I think the international space is super exciting. What I would say is we have our hands more than full with the US. The financial services market in the US alone is plenty big to build a massive business. And again, focus is really critical. That said, in our future, I’m excited about the potential for international expansion. The one thing I'll say is payroll doesn't look the same, it looks very different sector by sector. In some places in the world, like a lot of APAC, they don't actually have payroll systems. The banks pay the employees directly through a contracted agreement with the employer.
The whole industry of payroll systems originated because there was all this complexity around local, state and federal taxes. To ensure compliance, you hired a payroll manager to deal with the compliance layer. At a certain point when software became a thing, we could extract this stuff away by turning it into a software layer. That's how payroll systems came to be.
Now, that complexity also exists in a lot of Europe. But it doesn't exist everywhere. It exists in LATAM as well.
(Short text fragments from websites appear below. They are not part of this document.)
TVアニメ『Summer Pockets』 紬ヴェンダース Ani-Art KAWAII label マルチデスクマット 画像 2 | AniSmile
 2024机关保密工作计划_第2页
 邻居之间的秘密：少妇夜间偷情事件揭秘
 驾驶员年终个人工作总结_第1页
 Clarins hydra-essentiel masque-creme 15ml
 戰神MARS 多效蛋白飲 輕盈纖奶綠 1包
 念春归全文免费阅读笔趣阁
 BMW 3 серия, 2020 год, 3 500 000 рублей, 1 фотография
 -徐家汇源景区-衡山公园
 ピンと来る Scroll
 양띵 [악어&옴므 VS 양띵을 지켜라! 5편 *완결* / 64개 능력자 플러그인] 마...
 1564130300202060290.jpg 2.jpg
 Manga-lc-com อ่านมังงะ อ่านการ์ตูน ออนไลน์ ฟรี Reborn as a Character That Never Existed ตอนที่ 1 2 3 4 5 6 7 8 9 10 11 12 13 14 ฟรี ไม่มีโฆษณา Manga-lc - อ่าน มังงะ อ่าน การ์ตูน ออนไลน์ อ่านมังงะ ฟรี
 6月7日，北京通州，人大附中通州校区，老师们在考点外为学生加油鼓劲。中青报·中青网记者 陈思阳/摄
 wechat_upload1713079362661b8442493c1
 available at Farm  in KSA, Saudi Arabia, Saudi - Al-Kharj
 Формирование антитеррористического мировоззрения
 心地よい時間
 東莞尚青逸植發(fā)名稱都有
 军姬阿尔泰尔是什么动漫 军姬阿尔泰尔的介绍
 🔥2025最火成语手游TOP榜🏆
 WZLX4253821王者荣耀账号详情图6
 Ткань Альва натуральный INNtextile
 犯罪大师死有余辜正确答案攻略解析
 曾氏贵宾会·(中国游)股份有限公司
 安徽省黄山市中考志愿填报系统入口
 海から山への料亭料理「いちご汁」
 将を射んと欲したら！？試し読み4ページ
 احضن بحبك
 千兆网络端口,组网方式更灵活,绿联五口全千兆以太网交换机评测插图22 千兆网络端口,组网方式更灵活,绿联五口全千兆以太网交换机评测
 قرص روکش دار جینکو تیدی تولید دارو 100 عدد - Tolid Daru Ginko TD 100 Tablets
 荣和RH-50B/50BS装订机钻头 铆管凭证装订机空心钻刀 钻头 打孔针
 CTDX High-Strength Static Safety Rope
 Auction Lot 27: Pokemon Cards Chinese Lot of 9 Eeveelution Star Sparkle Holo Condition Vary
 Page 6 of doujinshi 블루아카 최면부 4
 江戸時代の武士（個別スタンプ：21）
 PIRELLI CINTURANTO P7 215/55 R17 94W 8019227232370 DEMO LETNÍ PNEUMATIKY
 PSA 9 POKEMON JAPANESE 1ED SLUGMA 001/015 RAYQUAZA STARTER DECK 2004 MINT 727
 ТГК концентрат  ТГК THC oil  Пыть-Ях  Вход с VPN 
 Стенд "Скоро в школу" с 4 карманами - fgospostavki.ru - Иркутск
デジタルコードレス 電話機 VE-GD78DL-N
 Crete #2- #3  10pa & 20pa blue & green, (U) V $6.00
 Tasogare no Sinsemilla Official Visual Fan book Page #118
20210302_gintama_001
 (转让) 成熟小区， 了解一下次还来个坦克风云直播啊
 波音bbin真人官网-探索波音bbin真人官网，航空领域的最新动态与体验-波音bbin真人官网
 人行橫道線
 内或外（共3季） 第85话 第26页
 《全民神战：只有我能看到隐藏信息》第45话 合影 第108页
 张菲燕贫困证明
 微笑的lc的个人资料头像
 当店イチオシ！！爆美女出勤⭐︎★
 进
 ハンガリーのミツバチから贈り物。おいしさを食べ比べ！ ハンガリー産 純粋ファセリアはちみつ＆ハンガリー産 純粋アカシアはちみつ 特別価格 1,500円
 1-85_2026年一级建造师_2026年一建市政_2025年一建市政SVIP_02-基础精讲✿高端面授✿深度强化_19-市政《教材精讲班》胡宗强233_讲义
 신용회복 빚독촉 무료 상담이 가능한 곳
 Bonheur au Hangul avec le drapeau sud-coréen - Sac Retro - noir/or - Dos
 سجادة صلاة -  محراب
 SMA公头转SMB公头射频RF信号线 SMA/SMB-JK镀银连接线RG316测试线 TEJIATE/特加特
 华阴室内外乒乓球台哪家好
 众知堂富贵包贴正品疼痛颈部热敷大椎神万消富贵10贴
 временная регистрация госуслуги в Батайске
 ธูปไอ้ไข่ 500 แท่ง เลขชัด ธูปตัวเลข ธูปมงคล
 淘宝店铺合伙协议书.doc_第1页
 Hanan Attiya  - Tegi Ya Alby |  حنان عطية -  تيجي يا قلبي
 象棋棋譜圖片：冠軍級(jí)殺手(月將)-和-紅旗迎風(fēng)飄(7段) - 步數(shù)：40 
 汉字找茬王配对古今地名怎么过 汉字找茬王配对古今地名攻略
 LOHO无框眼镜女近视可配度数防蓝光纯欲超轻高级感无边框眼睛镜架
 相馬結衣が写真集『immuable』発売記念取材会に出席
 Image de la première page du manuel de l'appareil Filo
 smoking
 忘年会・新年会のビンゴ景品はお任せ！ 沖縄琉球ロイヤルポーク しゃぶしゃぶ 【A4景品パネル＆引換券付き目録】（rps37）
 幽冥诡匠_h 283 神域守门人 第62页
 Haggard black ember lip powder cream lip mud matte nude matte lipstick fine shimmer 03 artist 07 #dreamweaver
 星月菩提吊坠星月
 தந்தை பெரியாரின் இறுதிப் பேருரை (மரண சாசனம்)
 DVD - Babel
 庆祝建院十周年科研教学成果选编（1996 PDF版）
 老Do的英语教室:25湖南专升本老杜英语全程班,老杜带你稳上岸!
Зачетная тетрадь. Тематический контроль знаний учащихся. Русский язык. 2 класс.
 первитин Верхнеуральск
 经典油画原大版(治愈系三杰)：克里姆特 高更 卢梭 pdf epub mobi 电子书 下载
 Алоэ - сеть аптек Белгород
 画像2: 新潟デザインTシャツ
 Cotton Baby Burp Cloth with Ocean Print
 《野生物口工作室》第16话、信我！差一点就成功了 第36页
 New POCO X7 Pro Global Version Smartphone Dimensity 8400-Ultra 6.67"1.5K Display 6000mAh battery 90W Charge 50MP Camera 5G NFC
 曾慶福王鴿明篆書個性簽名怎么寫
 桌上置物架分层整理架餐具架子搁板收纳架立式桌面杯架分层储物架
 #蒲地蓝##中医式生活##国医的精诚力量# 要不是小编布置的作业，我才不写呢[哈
I think it's going to be critical for us to identify where there are still largely inefficiencies in other parts of the world. That's where we'll focus our attention. But it won't be, I think, as universal as like, “Oh, we're just going to go everywhere because all places don’t even have this concept of a payroll system.”
When we talk about unbundling and rebundling, it was interesting to hear you describing the flow of funds with the payroll system at the top. A lot of these vertical SaaS companies, if they're going to embed payroll, might do so using a company like Check. Does the existence of a company like Check threaten this vision of the long tail of payroll, because they would also be both embedded payroll provider and then their own data API?
The short answer is no. In fact, I see them largely as additive to the ecosystem, because you have to remember, the supply side of our business is the ADPs of the world. That's who your Check and other companies are competing with, those embedded payroll companies. Those are partners that we can also broker data partnerships with.
What we're aggregating is supply as well as demand. The value prop to someone on the supply side is, “Hey, you don't want to go and connect with a thousand different financial services companies. And then by the way, also make sense of all the data for them, that's what we do. But you have data that we need. So, let's broker our partnership. And every time we use data that you have, let's figure out a way to make this appealing for you.”’
If everything works really well for Pinwheel over the next five years, what do you become and how is the world different as a result of your existence?
If we're successful in the next five years, every major bank, lender, and fintech will be using Pinwheel to power their most mission and business critical use cases and products. That's the number one market outcome.
The other key market outcome is that we will have tangibly improved the financial lives of the consumers that use the product that we build with our customers. We’re already seeing that now. Frankly, that second one is the true outcome that we're excited about.
We're a very mission driven company, and to see the impact that the products we built with our customers are making on the financial lives of these consumers is just there's nothing else like it. Literally seeing the testimonials around, like ‘I wasn't able to make rent on time because I kept on running out of money in between paychecks. What we've built with customer X, Y, Z has allowed me to actually no longer have that problem.’ Or ‘ot allowed me to pay for a flat tire so I can get to work on time, because otherwise, I wouldn't be able to afford it because I don't have that liquidity problem.’
That makes it all worth it. Every time.